There was first Tunesia, then came Egypt. It was called the Arabic spring. After the military intervention in Libya, there followed the violent conflict in Syria lasting by now over more than 18 months.

The hopeful sign of the 'blue bird' in the Middle East' being heard in Egypt as sign of political maturation in 2011 has been replaced by what the poetess Najet Adouani writes about the current state of affairs. She states that "troubles are everywhere now, nobody is happy, clouds are covering the blue, birds can't sing free as before."

What has happened? Why the surge of the Salafists and the tendency towards an extreme version of religious law as if this can promise a better way of governing than what was before the case? For outsiders the Middle East has always been a puzzle, an evasive region with many hidden alleys and enchanting eyes behind veils.

When Kapuscinski knew no longer how to judge events in Etiopia, he simply resorted to literature, in order to let intuition and the imagination do the talking. Finding out some truths in the making shall not be simple, but then there is this invitation by Najet Adouani.

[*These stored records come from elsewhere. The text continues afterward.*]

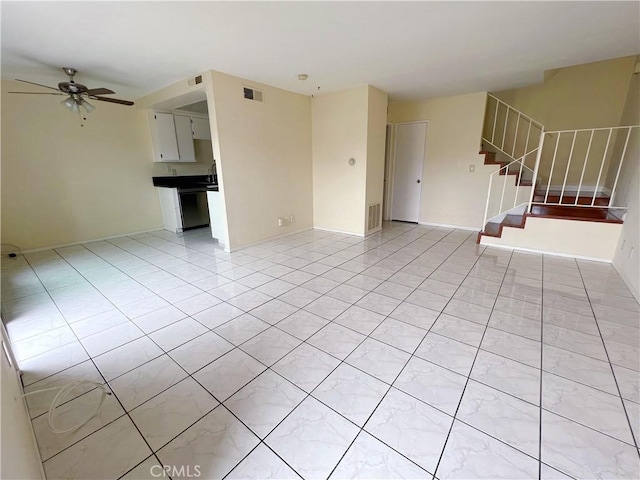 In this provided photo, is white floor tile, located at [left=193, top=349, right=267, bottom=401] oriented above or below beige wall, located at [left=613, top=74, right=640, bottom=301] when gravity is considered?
below

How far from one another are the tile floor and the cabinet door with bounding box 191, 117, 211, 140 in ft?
11.4

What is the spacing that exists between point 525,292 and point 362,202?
2.69 m

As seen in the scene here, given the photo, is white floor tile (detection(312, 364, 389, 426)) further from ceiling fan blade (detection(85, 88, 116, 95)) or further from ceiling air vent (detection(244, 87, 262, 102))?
ceiling air vent (detection(244, 87, 262, 102))

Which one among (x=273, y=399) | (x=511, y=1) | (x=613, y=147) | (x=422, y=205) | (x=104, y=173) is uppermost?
(x=511, y=1)

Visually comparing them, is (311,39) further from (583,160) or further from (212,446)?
(583,160)

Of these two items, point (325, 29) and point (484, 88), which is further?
point (484, 88)

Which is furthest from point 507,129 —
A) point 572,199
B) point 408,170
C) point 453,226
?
point 453,226

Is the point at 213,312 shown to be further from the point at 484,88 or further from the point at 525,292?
the point at 484,88

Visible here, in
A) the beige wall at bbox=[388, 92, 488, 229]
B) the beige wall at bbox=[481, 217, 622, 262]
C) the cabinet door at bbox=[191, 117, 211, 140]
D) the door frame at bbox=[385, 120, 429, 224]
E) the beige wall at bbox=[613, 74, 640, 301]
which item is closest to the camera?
the beige wall at bbox=[613, 74, 640, 301]

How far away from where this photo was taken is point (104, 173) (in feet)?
15.8

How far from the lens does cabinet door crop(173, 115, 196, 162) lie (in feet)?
17.5

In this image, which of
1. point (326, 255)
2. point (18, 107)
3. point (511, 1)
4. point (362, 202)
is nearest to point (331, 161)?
point (362, 202)

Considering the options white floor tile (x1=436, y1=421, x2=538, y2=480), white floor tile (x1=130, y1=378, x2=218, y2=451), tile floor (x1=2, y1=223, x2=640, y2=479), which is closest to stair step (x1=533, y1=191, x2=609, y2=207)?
tile floor (x1=2, y1=223, x2=640, y2=479)

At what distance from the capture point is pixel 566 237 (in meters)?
3.67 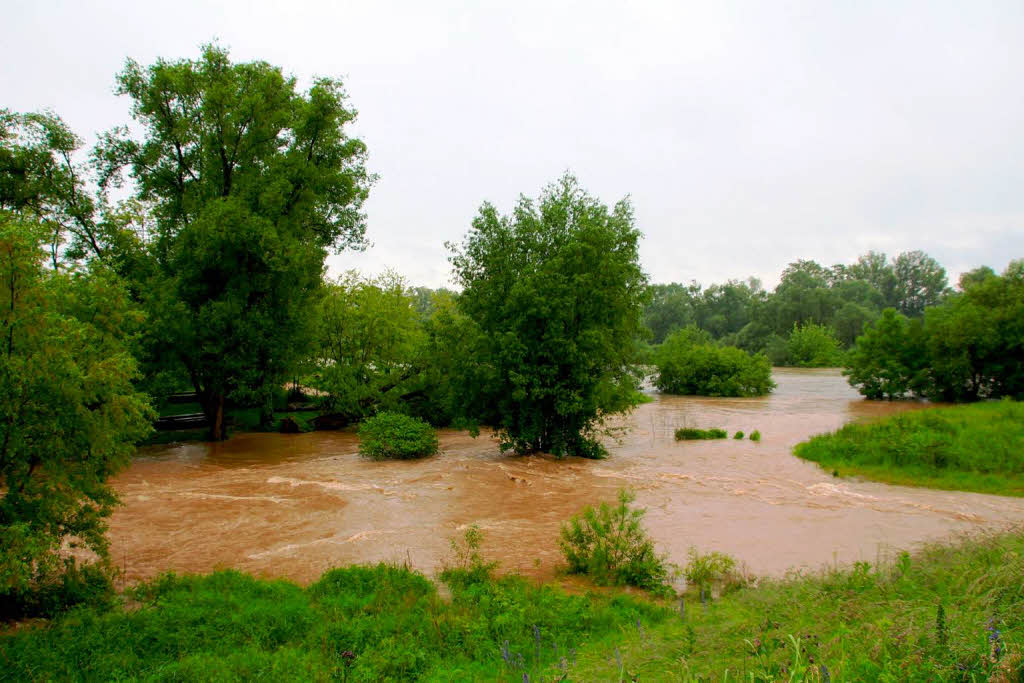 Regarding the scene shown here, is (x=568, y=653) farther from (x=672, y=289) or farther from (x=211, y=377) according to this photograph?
(x=672, y=289)

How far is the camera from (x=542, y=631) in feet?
20.4

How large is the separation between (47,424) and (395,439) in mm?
12925

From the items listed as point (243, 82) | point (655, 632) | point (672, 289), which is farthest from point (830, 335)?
point (655, 632)

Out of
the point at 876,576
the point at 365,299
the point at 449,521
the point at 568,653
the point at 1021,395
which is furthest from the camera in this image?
the point at 1021,395

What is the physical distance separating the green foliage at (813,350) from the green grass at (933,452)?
2051 inches

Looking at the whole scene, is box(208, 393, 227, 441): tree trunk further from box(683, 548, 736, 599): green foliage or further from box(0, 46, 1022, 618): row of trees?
box(683, 548, 736, 599): green foliage

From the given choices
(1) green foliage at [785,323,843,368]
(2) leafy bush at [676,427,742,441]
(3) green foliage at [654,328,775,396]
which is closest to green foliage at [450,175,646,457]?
(2) leafy bush at [676,427,742,441]

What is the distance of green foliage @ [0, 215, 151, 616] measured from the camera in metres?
6.30

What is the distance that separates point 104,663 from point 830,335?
262 feet

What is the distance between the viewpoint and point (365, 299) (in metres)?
27.1

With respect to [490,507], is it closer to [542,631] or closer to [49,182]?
[542,631]

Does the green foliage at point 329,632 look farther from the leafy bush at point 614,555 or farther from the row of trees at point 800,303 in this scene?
the row of trees at point 800,303

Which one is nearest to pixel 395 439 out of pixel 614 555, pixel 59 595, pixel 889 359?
pixel 614 555

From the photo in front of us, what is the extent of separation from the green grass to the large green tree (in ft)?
57.6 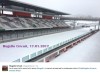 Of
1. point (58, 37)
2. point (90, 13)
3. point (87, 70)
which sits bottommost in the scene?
point (87, 70)

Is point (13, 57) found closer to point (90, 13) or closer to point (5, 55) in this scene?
point (5, 55)

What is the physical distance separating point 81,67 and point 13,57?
21.3 inches

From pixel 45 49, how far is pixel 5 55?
1.15 feet

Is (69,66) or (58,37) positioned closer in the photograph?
(69,66)

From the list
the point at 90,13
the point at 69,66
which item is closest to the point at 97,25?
the point at 90,13

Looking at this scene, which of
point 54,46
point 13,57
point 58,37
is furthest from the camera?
point 58,37

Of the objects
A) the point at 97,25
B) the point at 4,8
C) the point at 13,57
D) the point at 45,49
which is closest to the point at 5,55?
the point at 13,57

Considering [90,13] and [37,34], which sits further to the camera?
[37,34]

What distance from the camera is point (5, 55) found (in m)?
1.62

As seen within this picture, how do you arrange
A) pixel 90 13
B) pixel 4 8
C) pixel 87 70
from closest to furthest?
pixel 87 70 < pixel 90 13 < pixel 4 8

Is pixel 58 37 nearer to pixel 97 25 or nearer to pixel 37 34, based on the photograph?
pixel 37 34

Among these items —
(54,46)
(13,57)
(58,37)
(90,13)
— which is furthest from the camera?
(58,37)

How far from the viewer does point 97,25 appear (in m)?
2.30

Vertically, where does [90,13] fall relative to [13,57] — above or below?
above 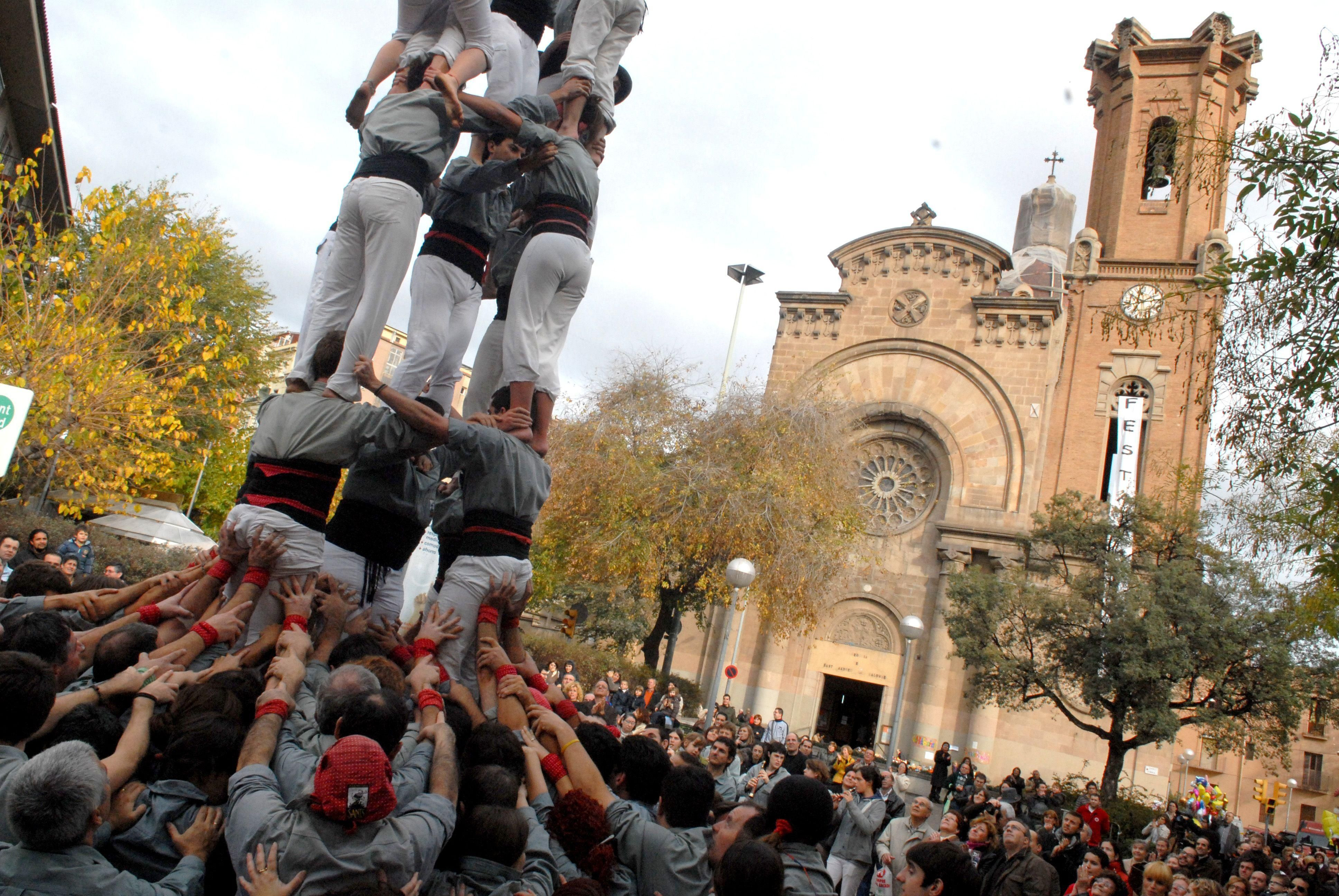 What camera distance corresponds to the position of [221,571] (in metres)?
4.97

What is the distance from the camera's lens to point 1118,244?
33.5 m

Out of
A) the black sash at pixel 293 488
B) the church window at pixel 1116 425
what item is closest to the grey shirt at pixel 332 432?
the black sash at pixel 293 488

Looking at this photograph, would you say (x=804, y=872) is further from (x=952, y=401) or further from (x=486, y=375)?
(x=952, y=401)

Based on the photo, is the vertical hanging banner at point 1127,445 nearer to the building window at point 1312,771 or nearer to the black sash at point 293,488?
the building window at point 1312,771

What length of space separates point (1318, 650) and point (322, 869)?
936 inches

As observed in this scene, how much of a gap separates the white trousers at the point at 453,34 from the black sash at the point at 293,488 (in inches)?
92.2

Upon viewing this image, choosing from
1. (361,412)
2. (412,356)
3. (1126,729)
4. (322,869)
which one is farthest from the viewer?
(1126,729)

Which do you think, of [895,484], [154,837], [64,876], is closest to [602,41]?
[154,837]

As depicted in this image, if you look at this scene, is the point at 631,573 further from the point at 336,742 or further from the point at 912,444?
the point at 336,742

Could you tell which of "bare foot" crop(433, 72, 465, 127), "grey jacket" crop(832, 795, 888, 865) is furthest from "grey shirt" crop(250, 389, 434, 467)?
"grey jacket" crop(832, 795, 888, 865)

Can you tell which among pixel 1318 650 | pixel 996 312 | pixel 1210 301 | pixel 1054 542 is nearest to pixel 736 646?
pixel 1054 542

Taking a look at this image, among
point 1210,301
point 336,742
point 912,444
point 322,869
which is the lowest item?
point 322,869

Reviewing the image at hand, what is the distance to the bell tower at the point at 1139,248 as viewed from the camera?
102 feet

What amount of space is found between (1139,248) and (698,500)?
19.5 meters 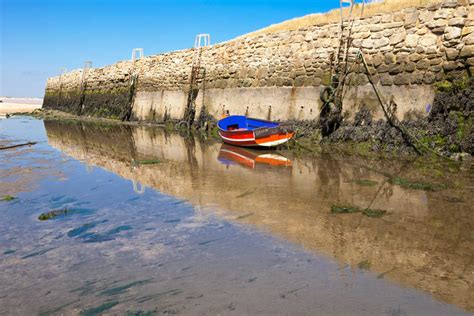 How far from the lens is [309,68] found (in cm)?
1578

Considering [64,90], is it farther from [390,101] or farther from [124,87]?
[390,101]

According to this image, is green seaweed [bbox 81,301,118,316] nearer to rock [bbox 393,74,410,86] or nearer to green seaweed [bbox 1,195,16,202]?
green seaweed [bbox 1,195,16,202]

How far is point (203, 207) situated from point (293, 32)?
485 inches

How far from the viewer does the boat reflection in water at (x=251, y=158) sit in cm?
1129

"We fly over all the events to see what happens", proposes Najet Adouani. She means to do that by taking "a magic carpet so that we can travel into the depth of the history!"

"But what about the inner need for survival?", I asked her. "Is that not linked to upholding the highest code of ethics possible, even when that would mean a denial of love as it would threaten to undermine the code of the inner circle in power? That question relates to an article about King Arthur and his fateful ending. The king of the round table of knights recognized his true love who had been fighting him all his life long only when first he, then she were mortally wounded."

Najet Adouani response was immediate: "Answers are found where the real and the legend come together and make that harmony possible which is reflected in how every person relates to his or her feelings".

And she explains further: "I like this kind of writing where things have more than one meaning, so that reading the story is like a wonderful promenade by the sea side at sunset."

About interpretation of what is going on in the Middle East, she adds a word of caution: "Of course behind each image there is another meaning which takes one into the present or to what is going on now. If we only change names, we can find the same persons acting out a new role, one which is also inspired by that distant one in the past, and this is so because the two paradoxes prevail: love and hate are always here, we can't erase one of them."

She has written many novels about this hate-love drama and reminds why over and again writers have been drawn to the Arab world once offered to take such a trip on a magic carpet.